Between the power of petty tyrants and of foreign despots, there was no freedom worthy of the name.
The German lived for himself, aloof, suspicious, not caring particularly to change his condition.
Compromise after compromise, failure after failure, sorrow after sorrow must be recorded in the great story; but do not despair. In amazing manner, through blood and iron, Otto von Bismarck, our blond Pomeranian giant, will face, fight and finally conquer the bewildering cross-forces of his time—till “German national faith” is supreme.
¶ Paying no attention to its neighbor, each German state stood off by itself; each princeling had his army, in some instances only 25 men; each ruler had his castle, in imitation of Versailles; each state its custom house, its distinct court and rural costumes.
To go ten miles north or south was to find yourself in a new world; you could scarcely understand the mush-talk of the peasants, whereas the various Liliputian courts chattered in mongrel French, aped from Versailles.
¶ The minor courts of Germany imitated the excesses of Versailles; had dancing teachers from Paris, French barbers, French governesses, and French prostitutes.
Every young man of wealth was sent to Paris to acquire what was called “bon ton,” that is to say, familiarity with the vices of the day; the etiquette of the fan and the study of new ways to spend money wrung from over-taxed peasants of German provinces was also regarded as very important.
Even to speak German was held a mark of vulgarity; and what more despicable than to be ashamed of one’s ancestry?
¶ Unmoved by the sufferings of the peasants, Augustus III of Saxony applied himself to grand operas, written by queens of French society.

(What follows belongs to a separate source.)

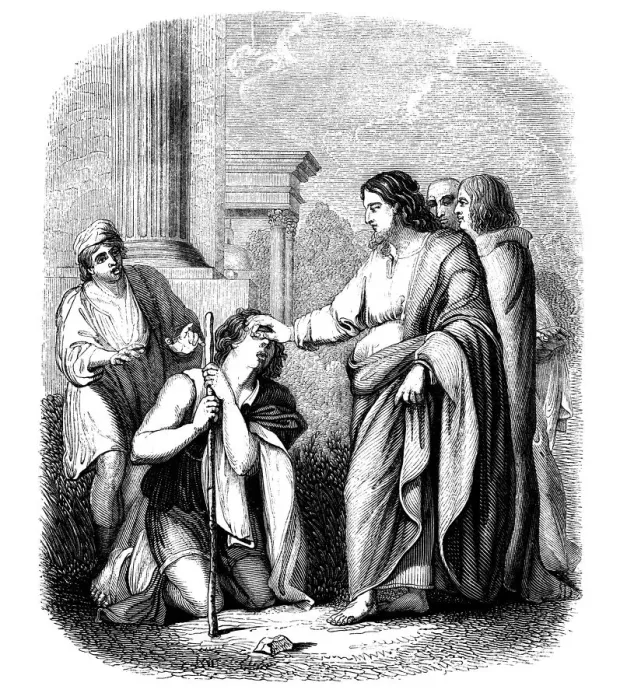 Gerahmter Druck : Christ heilend der Blinden Gerahmter Druck : Christ heilend der Blinden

While the peasants were living like beasts, Frederick Augustus, the successor, spent his time hunting red deer. The dukes of Coburg and Hildburghausen were miserable bankrupts. As a result of social excesses, Charles VII of Bavaria left a debt of forty millions. Charles Theodore, in some respects an enlightened monarch, is particularly remembered for three strange facts: That he once gave an opera in German and not in French; that he tried to sell off Bavaria, his inheritance, and move to a more congenial locality; and third, that he hired Rumford, the great chemist, to invent a soup, at low cost, to feed the poor, whose miseries had been growing on account of the bad government.